Load testing and telemetry recommendation

I have a few questions in mind regarding the scalability of jupyter enterprise gateway and its kernels. I struggle to find answers for these, so I thought I might put it here to get some recommendations from people that are using/maintaining jupyter enterprise gateway:

  1. Do we (the community, the maintainers) have any performance benchmark or statistics for jupyter enterprise gateway?
  2. What is the biggest scale that you (a member of the community, a maintainer) have run jupyter enterprise gateway on? What kind of bottlenecks have you seen and how do you resolve them?
  3. What kinds of tools and patterns can we reliably use to load test and find bottlenecks with jupyter enterprise gateway?

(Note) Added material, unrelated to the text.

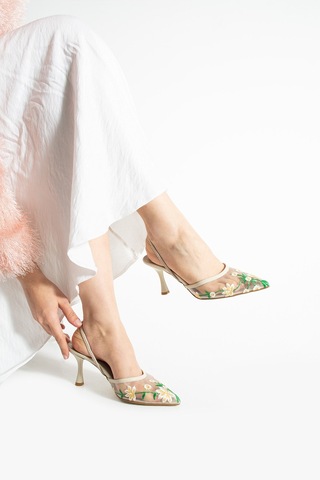Lebibe Shoes Daısy Çiçek İşlemeli Tül Dokulu 7cm Bantlı Bej Topuklu Ayakkabı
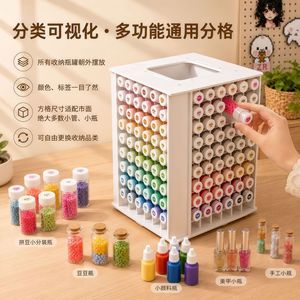Pvc Storage Rack For Paint Bottles With Rotating Design And Waterproof Surface For Craft <b>Nail</b> Art <b>Desk</b> Organization - Product Image 4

I believe having these answered would be great for the whole community, because right now I can only find this Scalable Enterprise Gateway , which did not answer much

3 Likes

Hi @luong-komorebi - Thank you for posting these questions. I had been hoping someone (besides me) would respond by now, but, at this point, feel you deserve some kind of response, although probably not what you were hoping for. Short answer: we (EG) don’t have any tools to measure scalability but could certainly use them!

  1. Do we (the community, the maintainers) have any performance benchmark or statistics for jupyter enterprise gateway?

No. As you reference in your link, that post morphed into an issue that included a possible scale test, but it never made its way into a contribution.

  1. What is the biggest scale that you (a member of the community, a maintainer) have run jupyter enterprise gateway on? What kind of bottlenecks have you seen and how do you resolve them?

I’ve been made aware of at least two deployments hosting thousand-plus active instances. One, running 1500 instances, had encountered thread and ZMQ socket limitations that were addressed via environment variable configurations. I don’t know if these changes improved the situation or not, but that was prior to introducing other server instances.

  1. What kinds of tools and patterns can we reliably use to load test and find bottlenecks with jupyter enterprise gateway?

In non-open source situations, this kind of thing is typically handled by the QA/Performance team. I personally don’t have experience with these kinds of tools so am unable to answer this question at this time.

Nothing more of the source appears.